Sep 26, 2010 00:10
Reading what I've written I realized there was a problem: Everything is much too generic. Yeah, I think my rules of magic and the story itself are interesting and original, but unless I shake Skein up mightily, I am in danger of creating yet another interchangeable Euro-centric costume piece.
So what to do? Make my magic more weird? Introduce mythic beings -- maybe from the Eastern European traditions of my father's parents?
Thinking of my father's parents got me thinking about my own. And their deep love for the place they met: West Africa. Specifically what is now Ghana and Cote d'Ivoire.
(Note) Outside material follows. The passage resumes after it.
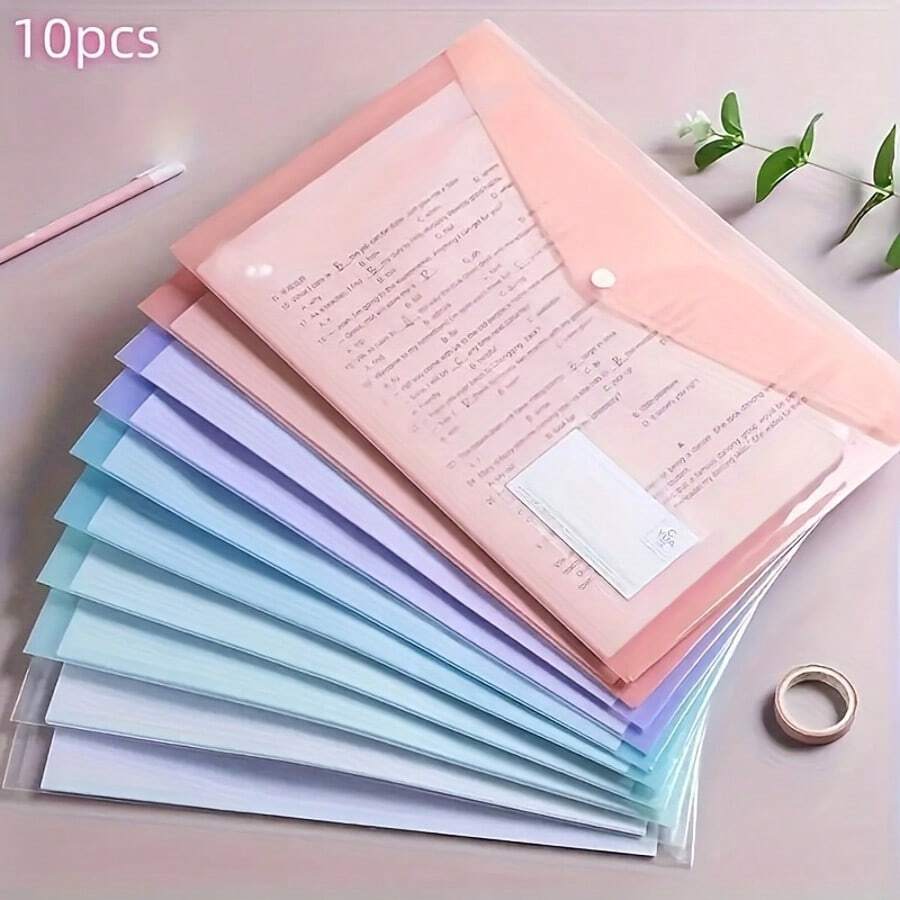 10pcs A4 Plastic File Bags, Thickened Transparent Snap Closure, Waterproof PP Material, Classic Style, Macaron Colors, Student Document Storage Pouches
I wouldn't be too literal, of course. Just as most Euro-centric fantasies take elements from a variety of traditions and cultures to create the medieval world so familiar to western readers, I'll blend aspects of Ibo and Yoruba and other cultures of the region; [edit to add: This next phrase is a howling mistake. I chose not to correct it, but I do straighten out what I meant to say in the comments.] probably blend in aspects of the Benin and Mali Empires before Islam for my politics. I may include some European technology -- like wheels.
It's still in the brainstorming stage, but what I'm talking about is a ground-up rewrite; what I was taught to call a redrafting. It will be the same story -- maybe even the same characters -- but re-imagined in a completely different world.